2010-04-02 Thread WanMil
Am 02.04.2010 06:16, schrieb Scott A Crosby:
> On Thu, 01 Apr 2010 12:10:22 +0100, Steve Ratcliffe  
> writes:
>
>> On 31/03/10 14:56, Scott A Crosby wrote:
>>> I noticed that mkgmap does not intern any strings. In particular, this
>>
>> This is true.  There is a pending patch that deals with excessive
>> memory use in a slightly different way which is on the style-speed
>> branch, with a pre-built one available at the bottom of the mkgmap
>> download page.
>
> I pulled it out of s...@1569.
>
>> I drops all tags that are not used by the current style and as an
>> extra feature it ensures that there is only copy of all the strings
>> on the key side.
>>
>> Could you try it out please. It may be worth also interning the values
>> but when I was looking at it there was much less benefit for the maps
>> I was looking at (but it might vary with the input).
>> I'd be happy to apply a patch that interned the values too if there
>> was a decent memory saving without a significant performance drop.
>
> The style-speed branch builds the tile in question within 1gb of ram
> using the default style. I suspect that that style isn't using the
> problematic tags. A different style that did use the tags would likely
> still blow up. This seems fragile.
>
> I benchmarked the problematic tile on the style-speed branch with and
> without interning all keys and values in the Tag() constructor using
> ordinary String.intern(). The 18 character change implementing
> interning seems to increase performance by about a second, from 66 to
> 65 seconds.
>
> I'd say to go for it.
>
> Scott

Scott,

thanks for posting hard performance values! That's good news because it 
makes possible to use a simple intern() solution.

Before I read your post I compared some german tiles. The single 
threaded SVN r1625 took 328s with the default style. Using the intern() 
patch it took 335s. That seems to be an unsignificant change.
I am not able to post multithreaded comparisons because my geriatric CPU 
has one core only...

I also used the VisualGC plugin of JVisualVM to view the GC. The 
permanent space (where all the interned Strings are stored) did not 
exceed 11mb. So interning all Strings will probably not exceed the 
permanent space. However we might add a note to the README file that in 
some special cases it is necessary to increase the permanent size with 
-XX:MaxPermSize=128m (or more) to avoid OutOfMemoryExceptions.

WanMil

___
mkgmap-dev mailing list
mkgmap-dev@lists.mkgmap.org.uk
http://www.mkgmap.org.uk/mailman/listinfo/mkgmap-dev


Re: [mkgmap-dev] Patch to reduce memory usage by interning strings.

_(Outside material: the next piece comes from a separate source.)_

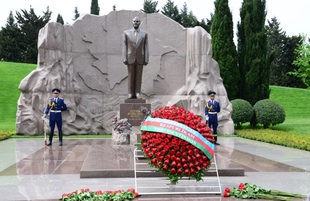 Azerbaijanis mark 96th birthday anniversary of National Leader Heydar Aliyev . Azerbaijan, Baku, may. 10.  2019
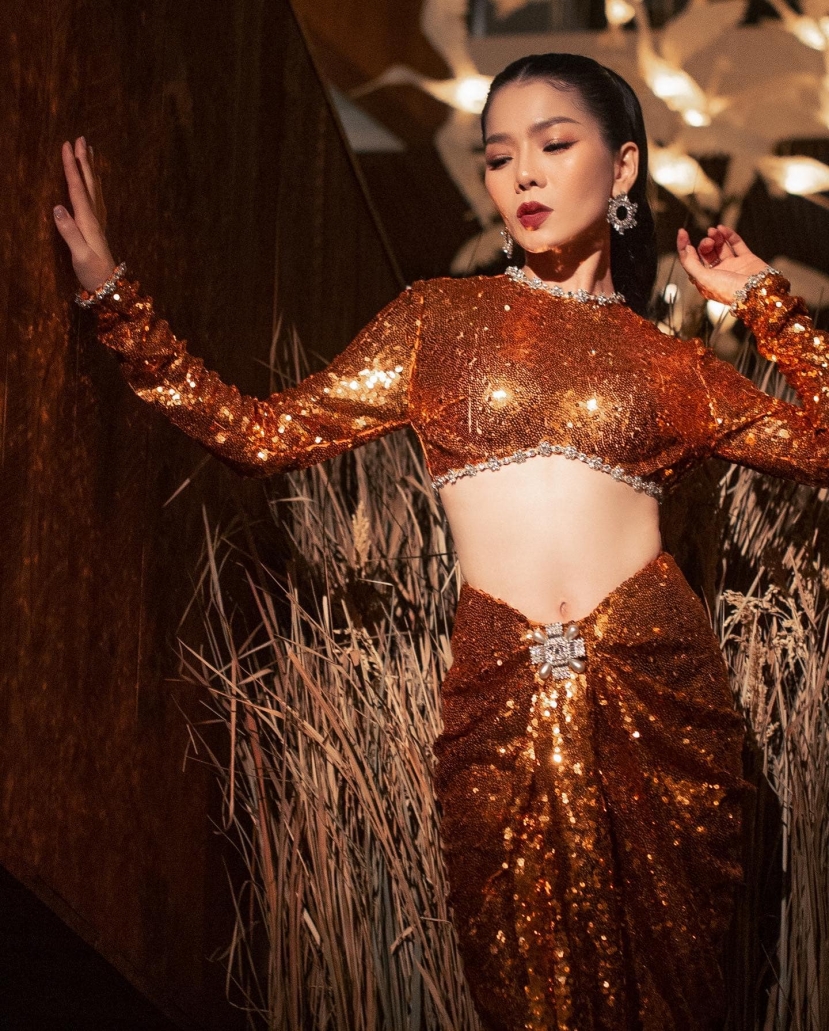 Bước sang tuổi 40, Lệ Quyên vẫn giữ vững danh xưng 'bà hoàng' của showbiz Việt nhờ sở hữu nhan sắc không tuổi và sự nghiệp đồ sộ Bước sang tuổi 40, Lệ Quyên vẫn giữ vững danh xưng 'bà hoàng' của showbiz Việt nhờ sở hữu nhan sắc không tuổi và sự nghiệp đồ sộ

2010-04-01 Thread Scott A Crosby
On Thu, 01 Apr 2010 12:10:22 +0100, Steve Ratcliffe  
writes:

> On 31/03/10 14:56, Scott A Crosby wrote:
>> I noticed that mkgmap does not intern any strings. In particular, this
>
> This is true.  There is a pending patch that deals with excessive
> memory use in a slightly different way which is on the style-speed
> branch, with a pre-built one available at the bottom of the mkgmap
> download page.

I pulled it out of s...@1569.

> I drops all tags that are not used by the current style and as an
> extra feature it ensures that there is only copy of all the strings
> on the key side.
>
> Could you try it out please. It may be worth also interning the values
> but when I was looking at it there was much less benefit for the maps
> I was looking at (but it might vary with the input).
> I'd be happy to apply a patch that interned the values too if there
> was a decent memory saving without a significant performance drop.

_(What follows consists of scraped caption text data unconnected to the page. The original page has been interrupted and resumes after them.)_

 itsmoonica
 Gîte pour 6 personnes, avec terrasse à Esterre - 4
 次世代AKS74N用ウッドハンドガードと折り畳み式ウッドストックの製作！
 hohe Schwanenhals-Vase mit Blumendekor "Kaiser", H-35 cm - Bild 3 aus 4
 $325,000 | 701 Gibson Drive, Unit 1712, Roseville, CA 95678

The style-speed branch builds the tile in question within 1gb of ram
using the default style. I suspect that that style isn't using the
problematic tags. A different style that did use the tags would likely
still blow up. This seems fragile.

I benchmarked the problematic tile on the style-speed branch with and
without interning all keys and values in the Tag() constructor using
ordinary String.intern(). The 18 character change implementing
interning seems to increase performance by about a second, from 66 to
65 seconds.

I'd say to go for it.

Scott
___
mkgmap-dev mailing list
mkgmap-dev@lists.mkgmap.org.uk
http://www.mkgmap.org.uk/mailman/listinfo/mkgmap-dev


Re: [mkgmap-dev] Patch to reduce memory usage by interning strings.

2010-04-01 Thread Scott A Crosby
On Wed, 31 Mar 2010 22:12:12 + (UTC), Chris Miller 
 writes:

> Note that Java's String.intern() method can be pretty slow, so while you'll 
> save a fair chunk of memory you'll potentially suffer a noticable performance 
> hit too if you're calling it a lot. By adding a barrier-free caching layer 
> in front of the String.intern() calls you can gain a reasonable performance 
> boost in this situation. As an example of how this can be implemented, take 
> a look at Lucene's SimpleStringInterner which does exactly this:
>
> http://github.com/apache/lucene/blob/1c5c409241a2b8b9e64dc8c253791b497a66c369/src/java/org/apache/lucene/util/SimpleStringInterner.java
>
> It's threadsafe in that it guarantees just enough visibility to never 
> generate 
> invalid results, yet also avoids any blocking. Might be worth benchmarking 
> something like this against the normal String.intern() with mkgmap.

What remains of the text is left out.